What is needed:
For this exercise, return only the lines in the records below from the one holding "character bedding sets" through the one holding "Kuryakyn Universal Thresher", including both, exactly as they appear and without pictures.

BEGIN

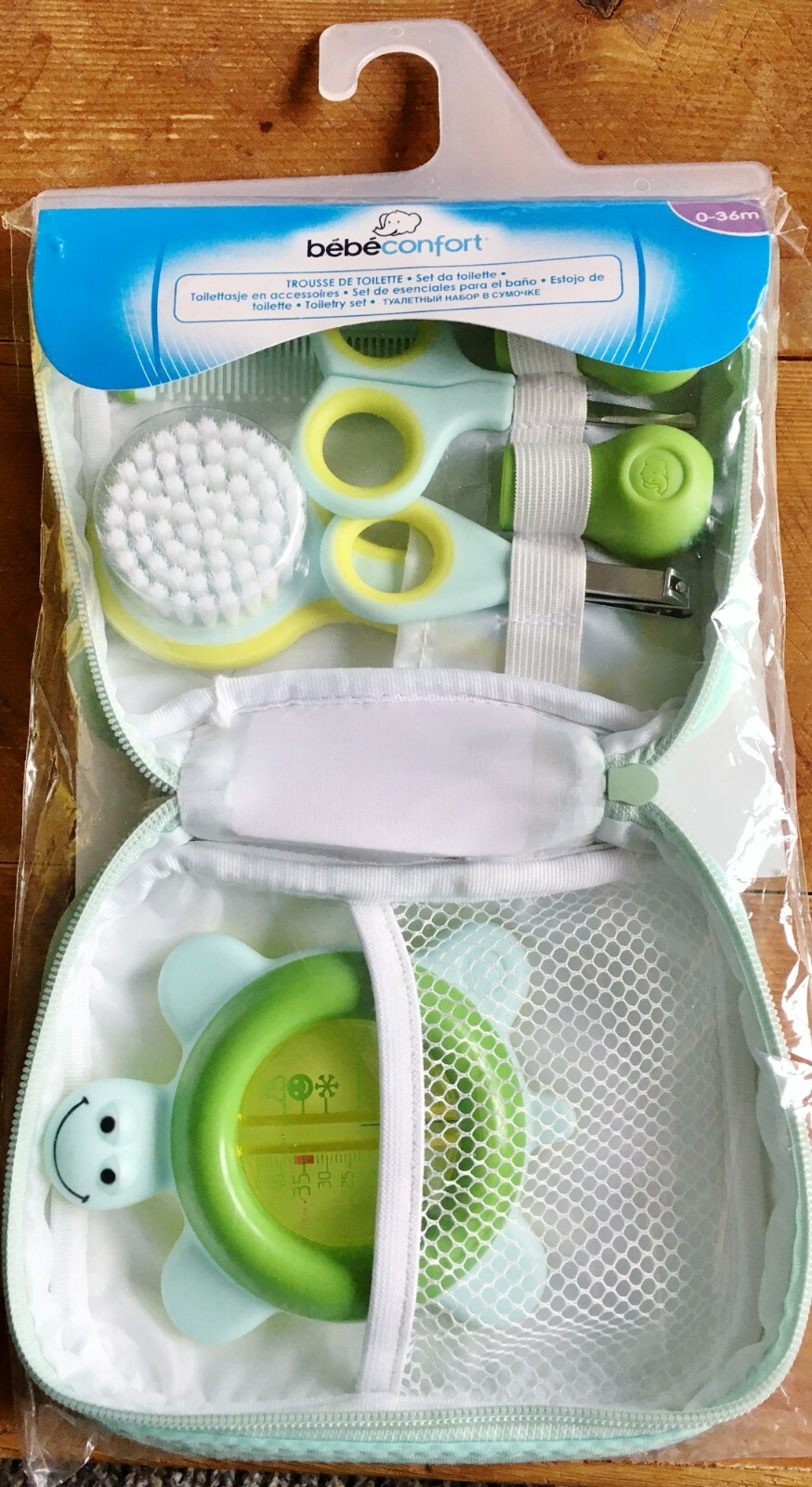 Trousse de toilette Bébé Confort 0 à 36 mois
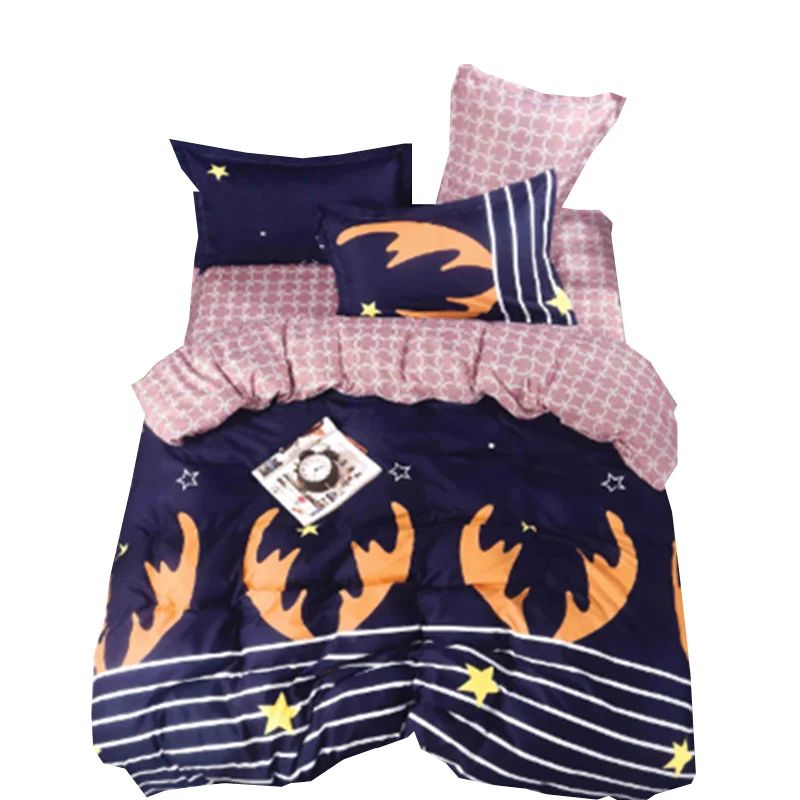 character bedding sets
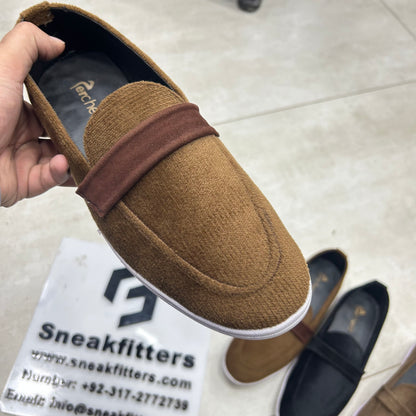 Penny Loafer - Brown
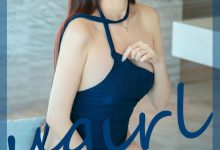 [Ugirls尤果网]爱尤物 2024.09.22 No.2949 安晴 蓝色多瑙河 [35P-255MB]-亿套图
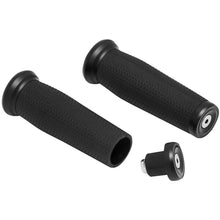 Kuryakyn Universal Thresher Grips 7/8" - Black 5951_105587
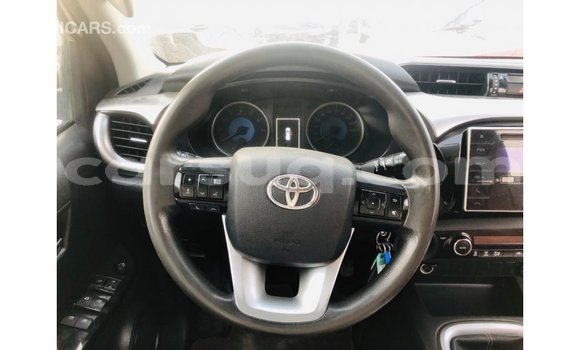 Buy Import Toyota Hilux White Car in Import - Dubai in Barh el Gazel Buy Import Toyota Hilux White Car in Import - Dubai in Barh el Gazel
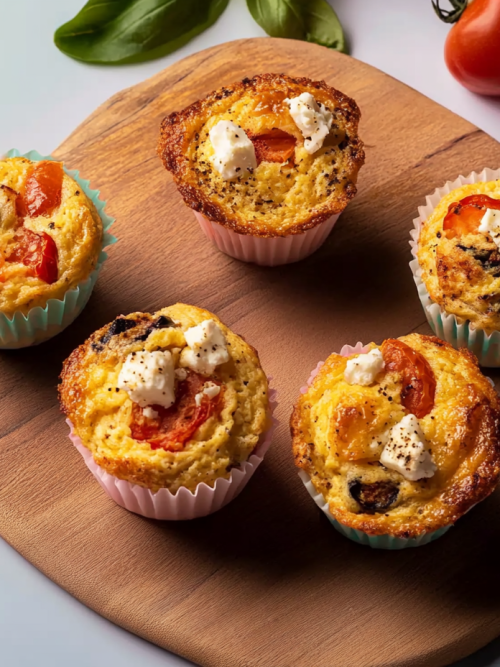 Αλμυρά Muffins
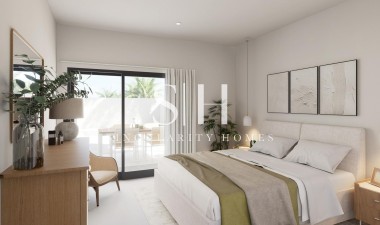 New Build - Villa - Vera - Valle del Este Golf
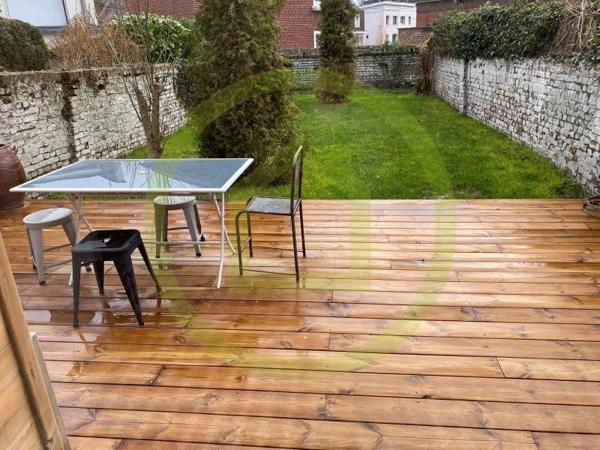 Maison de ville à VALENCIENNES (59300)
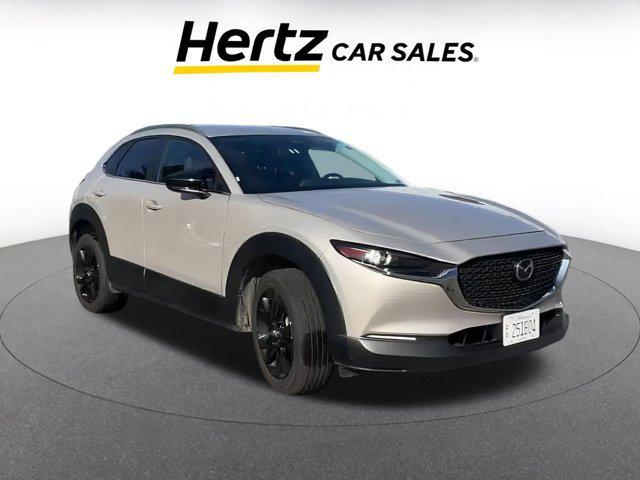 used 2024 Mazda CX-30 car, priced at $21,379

END

Response:
 character bedding sets
 Penny Loafer - Brown
 [Ugirls尤果网]爱尤物 2024.09.22 No.2949 安晴 蓝色多瑙河 [35P-255MB]-亿套图
 Kuryakyn Universal Thresher Grips 7/8" - Black 5951_105587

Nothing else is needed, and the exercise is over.